Today's gospel passage presents us with the first of five consecutive conflict stories: narratives in which Jesus or his disciples say or do something. The "good folk" immediately object. Then Jesus says or does something to resolve the conflict.
In this particular pericope, Jesus creates a conflict by assuring the paralytic, "... Your sins are forgiven." The scribes quickly demand to know, "Why does this man speak this way? He is blaspheming. Who but God alone can forgive sins?"
Jesus then follows the three-fold pattern of all gospel conflict stories and resolves the issue by telling the young man, "Rise, pick up your mat and go home." The now cured person immediately does so.
Scholars tell us that Mark seems to have chosen these particular five conflicts because these are the issues his readers should expect to encounter if they're really committed to carrying on the ministry of Jesus.
As we hear in our II Corinthians passage, Paul believes such a commitment is at the heart of his own ministry. If Jesus' response to God's call was always, "Yes!" so Paul's response to the needs of his community is always, "Yes!" There's no difference between his ministry and that of the risen Jesus. "The one who gives us security with you in Christ and who anointed us is God; he has also put his seal upon us and given the Spirit in our hearts as a first installment." The Apostle isn't referring to priests and bishops here; he's talking about all Christians.
That's why our Christian sacred authors presume forgiveness must also be at the heart of our ministry.
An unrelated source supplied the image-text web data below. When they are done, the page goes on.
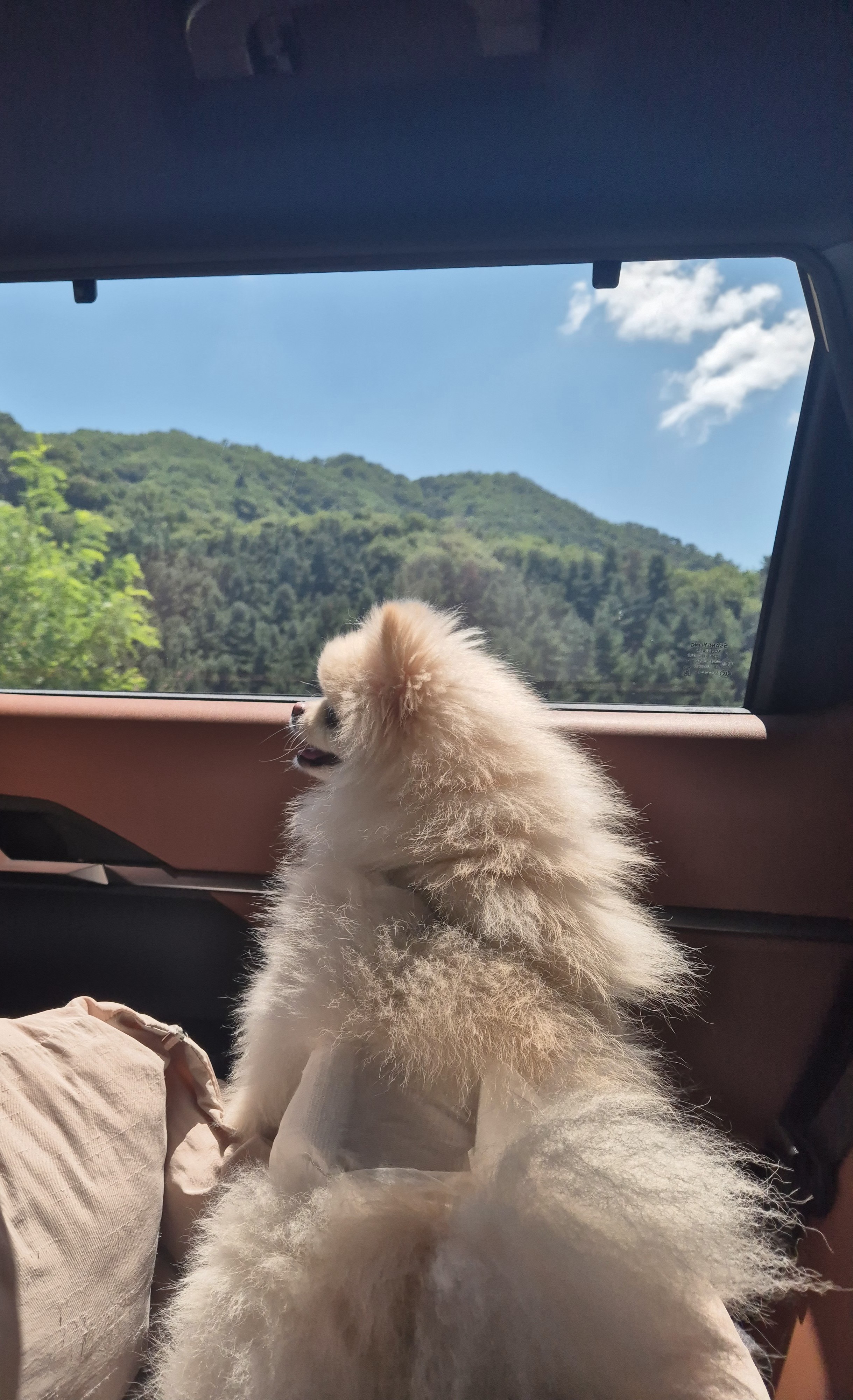 차 안에서 창밖을 바라보는 포메라니안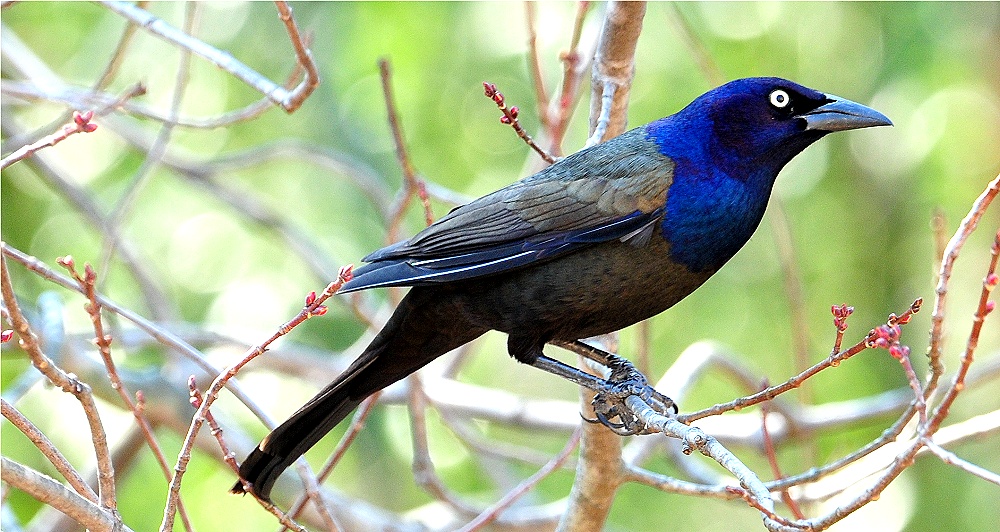 Common Grackle (Quiscalus quiscula)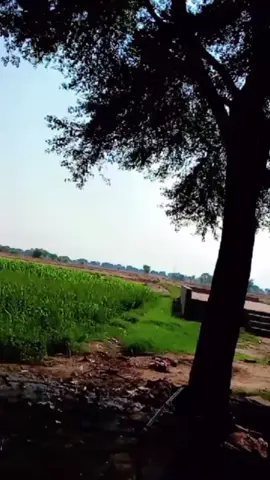 Zohiab ibtyhaj Dost 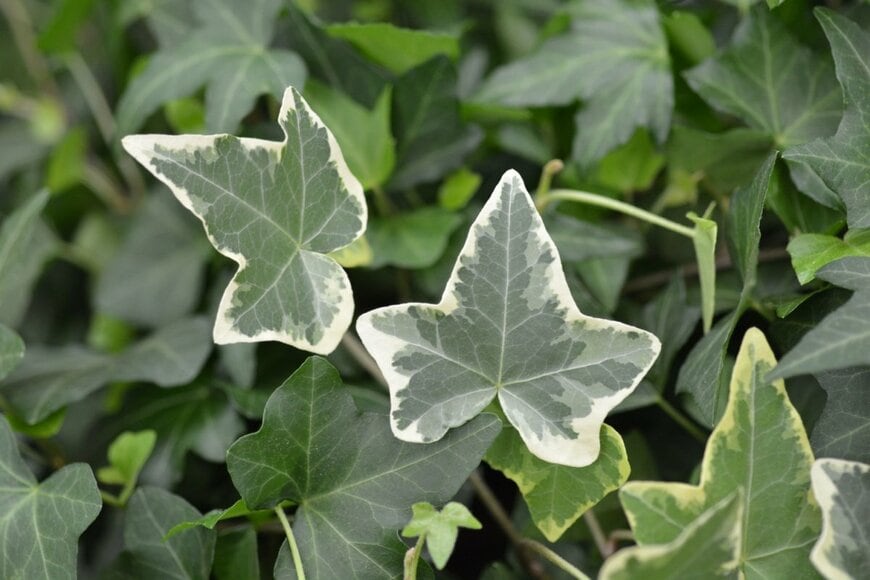 濃い緑色の葉の縁に白い斑が入った、ヘデラ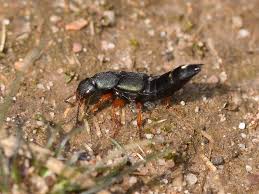 Attēlu rezultāti vaicājumam “Platydracus fulvipes”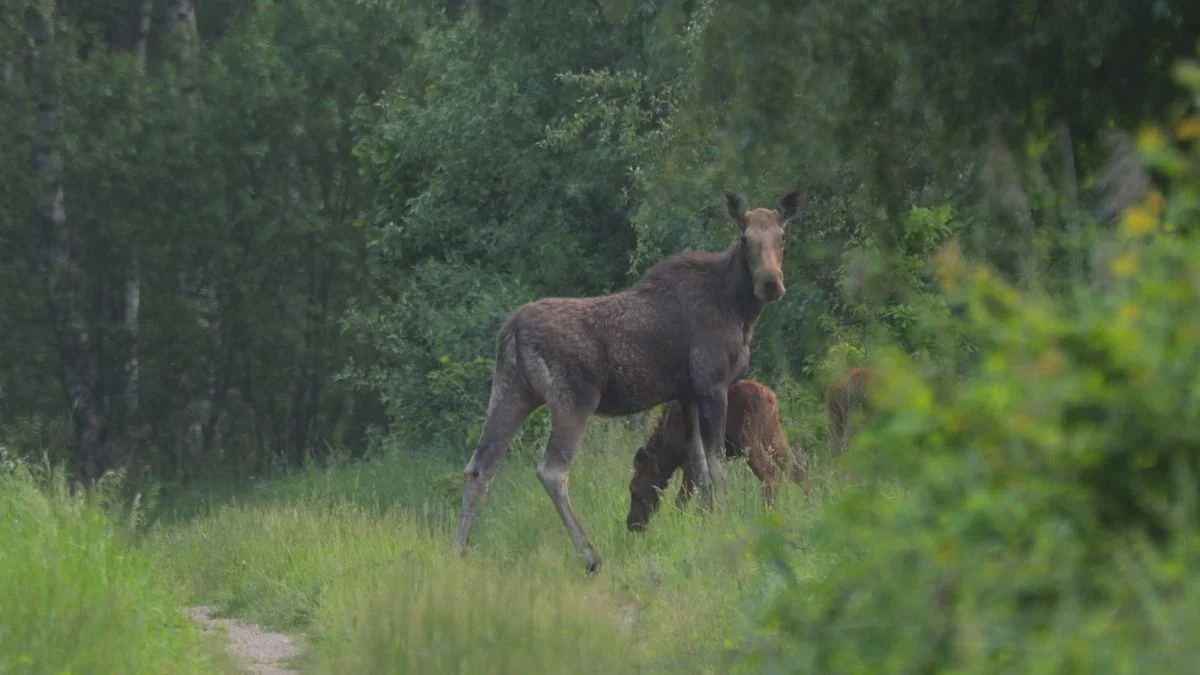 Chernobyl’s Wild Oasis: Wildlife Thrives in the Human-Free Exclusion Zone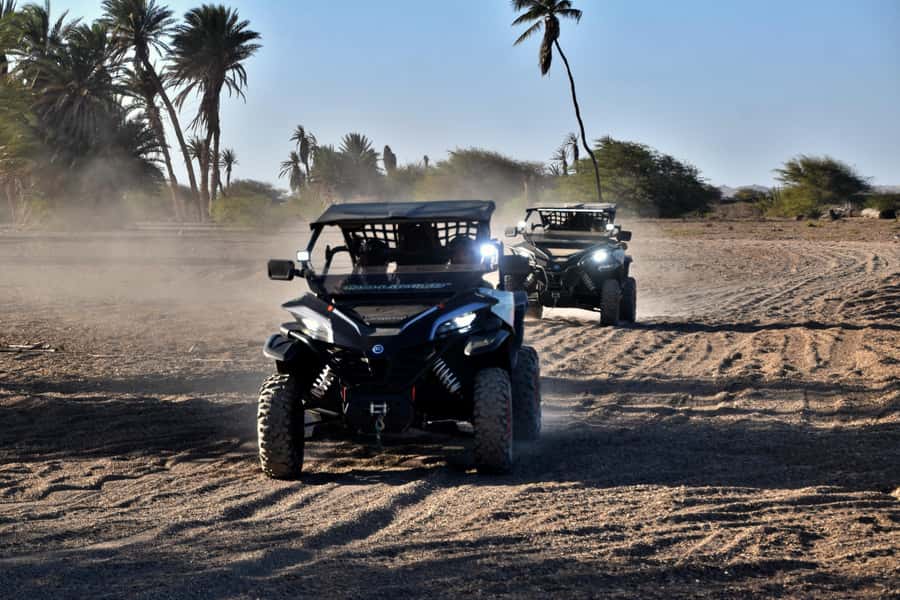 Boa Vista Buggy Tour: Death Valley Adventure (2-Hour) - The guide and the feel of the group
It was (and is) at the heart of Jesus' ministry. And it creates similar conflicts for us. Many people simply feel more comfortable not forgiving than they do forgiving. We'd prefer restricting those who have hurt us to the past pains they caused, never erasing the memory of their actions.
This is where Deutero-Isaiah comes in. In one of his best-known oracles, the prophet gives us an image of a God who is always working in the present. "Thus says Yahweh: 'Remember not the events of the past, the things of long ago consider not; see, I am doing something new! Now it springs forth, do you not perceive it?"'
At some point in his prophetic ministry, Deutero-Isaiah realized that the exiled Jews to whom he was speaking really weren't listening to him. When he mentioned Yahweh his people thought of a God who saved Israel 700 years before in the Exodus, not the God who was saving them right then and there during their Babylonian exile. Had they been captives in Egypt and a person named Moses came in from the desert one day speaking about liberation, they certainly would have presumed Yahweh was working in their lives. But it wasn't 1,200 BCE; it was 735 BCE. And they weren't slaves in Egypt; they were prisoners of war in Babylon. In their mind, Yahweh had already "done his thing." The captives only thought about past glories, not present. Had Deutero-Isaiah known about the key line in Rick Nelson's Garden Party, I'm certain he would have included it in this oracle. "If memories are all I sang, I'd rather drive a truck."
In many ways, Yahweh's getting rid of the past is a two way street. If we forget about God's past, God will forget about ours. "It is I who wipe out, for my sake, your offenses; your sins I remember no more."
The historical Jesus obviously had a forgiving image of Yahweh in the back of his mind as he went village to village, synagogue to synagogue proclaiming God's kingdom. He wanted his followers to live their lives in the present, not the past. That meant they had to constantly forgive; and to endure the constant conflict such forgiveness creates.